* [PATCH net RFC 0/2] net: BUG napi_disable sleep while atomic
@ 2013-09-18 20:19 Jacob Keller
2013-09-18 20:20 ` [PATCH net RFC 1/2] netdevice: add might_sleep() call to napi_disable Jacob Keller
2013-09-18 20:20 ` [PATCH net RFC 2/2] ixgbe: fix sleep bug caused by napi_disable inside local_bh_disable()d context Jacob Keller
0 siblings, 2 replies; 12+ messages in thread
From: Jacob Keller @ 2013-09-18 20:19 UTC (permalink / raw)
To: netdev
The following series implements a fix for a possible sleep while atomic bug in
the ixgbe driver, caused because napi_disable might sleep.
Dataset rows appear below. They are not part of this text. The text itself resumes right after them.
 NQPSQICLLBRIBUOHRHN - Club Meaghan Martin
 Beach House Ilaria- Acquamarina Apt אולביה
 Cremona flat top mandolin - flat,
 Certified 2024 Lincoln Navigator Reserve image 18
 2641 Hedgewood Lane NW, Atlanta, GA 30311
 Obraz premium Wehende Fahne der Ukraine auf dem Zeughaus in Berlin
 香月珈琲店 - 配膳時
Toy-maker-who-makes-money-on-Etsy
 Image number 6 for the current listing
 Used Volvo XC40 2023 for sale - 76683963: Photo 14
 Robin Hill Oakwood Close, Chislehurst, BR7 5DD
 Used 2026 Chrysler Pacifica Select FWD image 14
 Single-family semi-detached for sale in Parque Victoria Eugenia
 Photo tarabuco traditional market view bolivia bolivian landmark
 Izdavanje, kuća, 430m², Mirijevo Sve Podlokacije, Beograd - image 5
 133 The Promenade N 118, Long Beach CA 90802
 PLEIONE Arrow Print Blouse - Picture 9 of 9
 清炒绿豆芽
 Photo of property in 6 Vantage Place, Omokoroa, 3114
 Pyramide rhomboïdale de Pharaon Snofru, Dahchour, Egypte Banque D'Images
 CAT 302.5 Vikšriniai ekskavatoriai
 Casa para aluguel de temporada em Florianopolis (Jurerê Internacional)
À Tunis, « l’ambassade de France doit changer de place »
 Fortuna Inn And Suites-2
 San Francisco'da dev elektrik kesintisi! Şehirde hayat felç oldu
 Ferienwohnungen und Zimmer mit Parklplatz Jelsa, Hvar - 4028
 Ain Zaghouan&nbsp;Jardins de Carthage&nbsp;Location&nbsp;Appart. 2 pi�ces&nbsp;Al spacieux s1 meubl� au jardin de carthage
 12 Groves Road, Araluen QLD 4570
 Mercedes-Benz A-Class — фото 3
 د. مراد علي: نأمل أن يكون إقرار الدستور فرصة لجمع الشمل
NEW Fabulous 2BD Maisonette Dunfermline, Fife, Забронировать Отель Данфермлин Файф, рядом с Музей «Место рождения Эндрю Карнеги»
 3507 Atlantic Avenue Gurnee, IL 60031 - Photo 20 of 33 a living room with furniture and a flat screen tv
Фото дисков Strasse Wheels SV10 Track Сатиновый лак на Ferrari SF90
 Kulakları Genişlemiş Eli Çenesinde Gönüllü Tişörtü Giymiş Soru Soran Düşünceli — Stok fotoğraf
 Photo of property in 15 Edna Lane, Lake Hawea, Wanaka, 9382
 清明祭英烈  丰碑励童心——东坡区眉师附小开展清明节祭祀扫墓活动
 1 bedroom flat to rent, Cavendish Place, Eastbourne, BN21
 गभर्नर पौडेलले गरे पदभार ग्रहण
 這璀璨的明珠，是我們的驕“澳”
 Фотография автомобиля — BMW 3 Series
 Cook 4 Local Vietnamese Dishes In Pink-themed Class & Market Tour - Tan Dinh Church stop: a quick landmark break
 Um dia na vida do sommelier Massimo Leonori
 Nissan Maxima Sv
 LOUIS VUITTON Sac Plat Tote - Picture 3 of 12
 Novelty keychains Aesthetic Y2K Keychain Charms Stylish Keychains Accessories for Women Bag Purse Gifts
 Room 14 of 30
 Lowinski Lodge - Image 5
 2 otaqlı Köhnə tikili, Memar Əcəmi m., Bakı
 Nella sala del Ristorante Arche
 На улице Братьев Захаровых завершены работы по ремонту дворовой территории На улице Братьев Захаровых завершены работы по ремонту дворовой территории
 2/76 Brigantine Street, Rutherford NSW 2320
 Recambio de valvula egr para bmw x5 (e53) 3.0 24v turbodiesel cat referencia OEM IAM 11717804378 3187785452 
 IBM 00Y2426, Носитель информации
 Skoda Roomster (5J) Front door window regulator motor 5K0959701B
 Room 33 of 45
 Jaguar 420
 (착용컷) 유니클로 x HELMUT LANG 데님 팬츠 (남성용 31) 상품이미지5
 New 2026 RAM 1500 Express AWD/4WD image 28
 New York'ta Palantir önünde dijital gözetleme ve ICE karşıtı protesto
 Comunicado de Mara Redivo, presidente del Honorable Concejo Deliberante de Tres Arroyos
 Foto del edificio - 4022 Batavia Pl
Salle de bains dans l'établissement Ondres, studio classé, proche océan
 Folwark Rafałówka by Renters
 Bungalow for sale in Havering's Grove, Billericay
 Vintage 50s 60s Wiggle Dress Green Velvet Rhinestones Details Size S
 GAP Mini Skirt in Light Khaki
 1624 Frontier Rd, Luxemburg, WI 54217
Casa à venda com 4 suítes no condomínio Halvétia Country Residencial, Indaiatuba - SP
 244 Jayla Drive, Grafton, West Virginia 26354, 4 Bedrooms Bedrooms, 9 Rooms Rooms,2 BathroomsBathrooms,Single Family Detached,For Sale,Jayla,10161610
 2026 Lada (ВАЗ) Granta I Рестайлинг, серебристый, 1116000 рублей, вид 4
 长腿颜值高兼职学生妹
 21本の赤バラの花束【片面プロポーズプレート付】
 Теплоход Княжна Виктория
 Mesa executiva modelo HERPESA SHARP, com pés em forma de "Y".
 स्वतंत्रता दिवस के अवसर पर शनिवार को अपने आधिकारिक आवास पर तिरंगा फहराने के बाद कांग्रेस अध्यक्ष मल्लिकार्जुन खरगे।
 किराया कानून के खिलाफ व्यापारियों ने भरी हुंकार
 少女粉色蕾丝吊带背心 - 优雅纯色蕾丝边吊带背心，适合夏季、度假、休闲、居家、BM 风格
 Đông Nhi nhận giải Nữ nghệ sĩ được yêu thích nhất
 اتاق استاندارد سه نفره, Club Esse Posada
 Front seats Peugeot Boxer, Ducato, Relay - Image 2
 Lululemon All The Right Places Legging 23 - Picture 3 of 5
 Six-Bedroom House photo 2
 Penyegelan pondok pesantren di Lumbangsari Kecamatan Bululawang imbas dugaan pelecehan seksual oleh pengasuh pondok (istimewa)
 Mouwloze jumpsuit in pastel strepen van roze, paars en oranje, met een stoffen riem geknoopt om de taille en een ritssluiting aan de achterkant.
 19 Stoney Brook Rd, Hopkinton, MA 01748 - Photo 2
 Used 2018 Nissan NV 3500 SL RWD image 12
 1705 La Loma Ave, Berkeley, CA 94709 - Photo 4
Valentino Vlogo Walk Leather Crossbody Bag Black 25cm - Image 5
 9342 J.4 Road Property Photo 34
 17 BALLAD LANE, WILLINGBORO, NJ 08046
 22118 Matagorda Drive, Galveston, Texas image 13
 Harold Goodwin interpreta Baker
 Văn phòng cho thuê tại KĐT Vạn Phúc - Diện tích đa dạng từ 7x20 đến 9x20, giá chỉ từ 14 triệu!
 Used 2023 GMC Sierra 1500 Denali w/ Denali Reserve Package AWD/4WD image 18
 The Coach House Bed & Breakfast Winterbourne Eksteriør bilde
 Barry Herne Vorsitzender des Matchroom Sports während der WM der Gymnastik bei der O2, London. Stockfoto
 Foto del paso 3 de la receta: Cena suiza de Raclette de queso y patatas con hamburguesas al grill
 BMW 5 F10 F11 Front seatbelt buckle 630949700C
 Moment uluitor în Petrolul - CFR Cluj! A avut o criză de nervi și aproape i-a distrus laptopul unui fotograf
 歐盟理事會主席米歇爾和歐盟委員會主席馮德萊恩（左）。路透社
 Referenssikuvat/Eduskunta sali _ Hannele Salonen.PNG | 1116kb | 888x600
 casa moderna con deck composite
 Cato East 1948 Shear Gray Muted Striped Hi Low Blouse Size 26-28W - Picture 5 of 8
The first patch adds
a might_sleep() call in order to make future sleep while atomic bugs easier to
discover, (as napi_disable does not always sleep!). The second patch is my best
guess at an actual fix for the bug. There is likely a similar bug in every
driver which implemented NET_RX_BUSY_POLL similar to ixgbe. The first patch
will likely cause BUG splats to appear in those drivers unless they are fixed.
---
Jacob Keller (2):
netdevice: add might_sleep() call to napi_disable
ixgbe: fix sleep bug caused by napi_disable inside local_bh_disable()d context
drivers/net/ethernet/intel/ixgbe/ixgbe_main.c | 4 ++--
include/linux/netdevice.h | 2 ++
2 files changed, 4 insertions(+), 2 deletions(-)
--
Signed-off-by: Jacob Keller <jacob.e.keller@intel.com>
^ permalink raw reply [flat|nested] 12+ messages in thread
* [PATCH net RFC 1/2] netdevice: add might_sleep() call to napi_disable
2013-09-18 20:19 [PATCH net RFC 0/2] net: BUG napi_disable sleep while atomic Jacob Keller
@ 2013-09-18 20:20 ` Jacob Keller
2013-10-08 12:39 ` Amir Vadai
2013-09-18 20:20 ` [PATCH net RFC 2/2] ixgbe: fix sleep bug caused by napi_disable inside local_bh_disable()d context Jacob Keller
1 sibling, 1 reply; 12+ messages in thread
From: Jacob Keller @ 2013-09-18 20:20 UTC (permalink / raw)
To: netdev
Cc: Alex Duyck, Hyong-Youb Kim, Dmitry Kravkov, Amir Vadai, Eliezer Tamir
napi_disable potentially calls msleep(1) if the NAPI_STATE_SCHED bit is
previously set by something else. Because it does not always call msleep, it
was difficult to track down a bug related to calling napi_disable within
local_bh_disable()d context. This patch adds a might_sleep() call to the
napi_disable routine in order to aid in the future debugging of similar issues.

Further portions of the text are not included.